É muito difícil o Judiciário prever tudo que se faça de ilegalidade, porque a capacidade de pessoas ligadas a inventar e inovar na sua burla em fraudar as normas é muito maior do que a de pessoas como nós, que estão sempre desejando que eleitores, candidatos e partidos atuem na boa-fé. Mas lógico que a partir de denúncias como essas da reportagem, temos que desenvolver ferramentas para estatisticamente termos informações e acender a luz amarela em determinadas inconsistências. Estamos sempre dispostos e aparelhados para melhorar e contribuir com a democracia brasileira.

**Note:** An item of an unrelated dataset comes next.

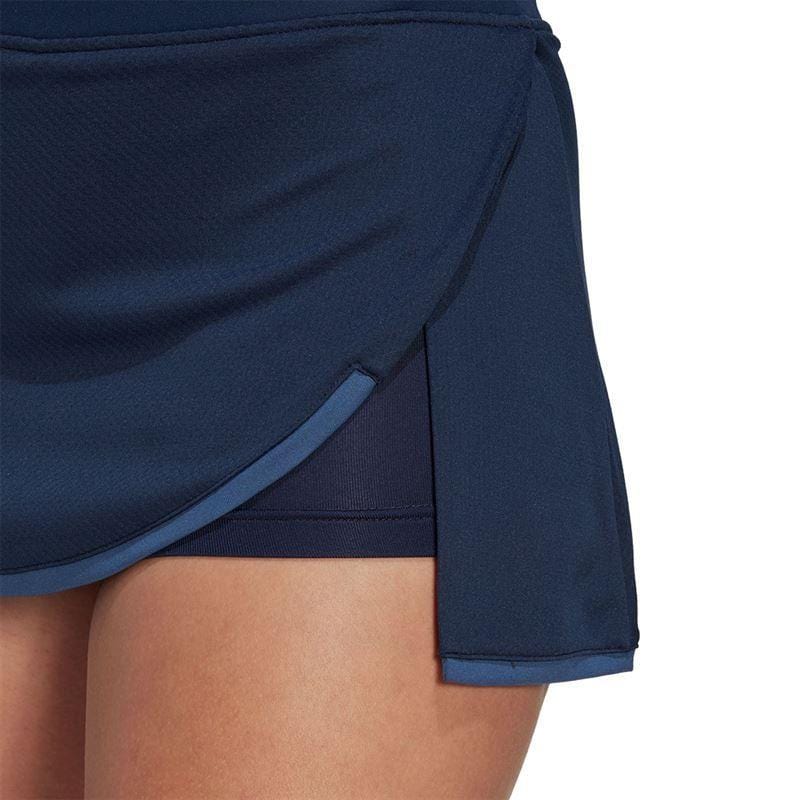 A close-up showcases an individual wearing the adidas Women's Club Badminton Skirt in navy, equipped with AEROREADY technology. This skirt includes built-in short tights and is designed with a curved hem and side slit, elegantly revealing its layered construction.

Onde há mais eleitores do que habitantes e suspeitas de transferências irregulares, a eleição pode estar comprometida?
Não penso assim. A Justiça Eleitoral tem um procedimento muito célere nessas situações, é uma das mais céleres e com legislação mais ordenada para dar o provimento adequado. Até porque sabemos que o direito eleitoral é perecível, então temos que apurar rapidamente. Esses títulos podem ser cancelados cautelarmente com base nessas suspeitas, para que não tenhamos desvirtuamento do processo eleitoral.
Se confirmadas, qual o prejuízo à democracia com essas supostas irregularidades?
Nós temos que conscientizar o eleitor que o processo democrático é voltado a ele, para que o eleitor tenha representação e essa representação cuide bem dos destinos de tudo aquilo que se deseja para o futuro da família, da cidade, do país. Na medida que a pessoa contribui para esse tipo de ilegalidade, ela contribui com tudo isso que está acontecendo e que nós reclamamos. A política só vai ficar honesta quando a sociedade tiver um novo comportamento.
Falando das eleições deste ano, qual a principal preocupação?
Temos grande preocupação com o financiamento privado de campanha (o financiamento de pessoa jurídica está proibido). Sabemos que política sempre é feita com financiamento de alguma forma, e as pessoas físicas naturalmente não estão muito empolgadas em doar. Portanto, temos que verificar, seguir a norma e observar com rigor se vai ter aporte de algum recurso não contabilizado na campanha. Quem tem experiência em fazer manipulação de recursos de caixa 2 geralmente são pessoas já ligadas a atividades ilegais, então essa questão realmente é um grande desafio que temos.
A reforma política ficou aquém do necessário?
Nós não tivemos uma reforma política, tivemos uma reforma eleitoral que naturalmente não trouxe ao nosso sistema algo que possa contribuir com o processo democrático. Para o eleitor, ficou mais difícil para conhecer o candidato, com essa redução do período de campanha.
Esse tempo mais curto de todo o processo eleitoral também impacta no trabalho dos TREs e do TSE?
Haverá dificuldade de todos os registros de candidaturas chegarem até mesmo aos TREs. Porque se você pegar todos os prazos, de oitivas de testemunhas, apresentação de documentos, não chegamos ao dia da eleição com todos os registros deferidos em primeiro grau. Isso é um grande problema causado por uma reforma mal feita. Não prejudica o resultado da eleição, mas pode ocorrer de um candidato inelegível receber votos, e ai ser necessário renovar a eleição.
Esta será a primeira eleição municipal com uso tão intenso das redes sociais. Isso também preocupa?
Não estamos muito dispostos a fiscalizar redes sociais porque a rede social é um ambiente privado, como se estivéssemos na nossa residência. São pessoas autorizadas por você a se envolver naquele ambiente de amizades, como em um clube, em um restaurante, na mesa de bar discutindo política. O problema são as manifestações à margem da norma: usar páginas financiadas que deem impulsionamento a candidaturas, e tudo aquilo que tire a condição de igualdade entre os candidatos.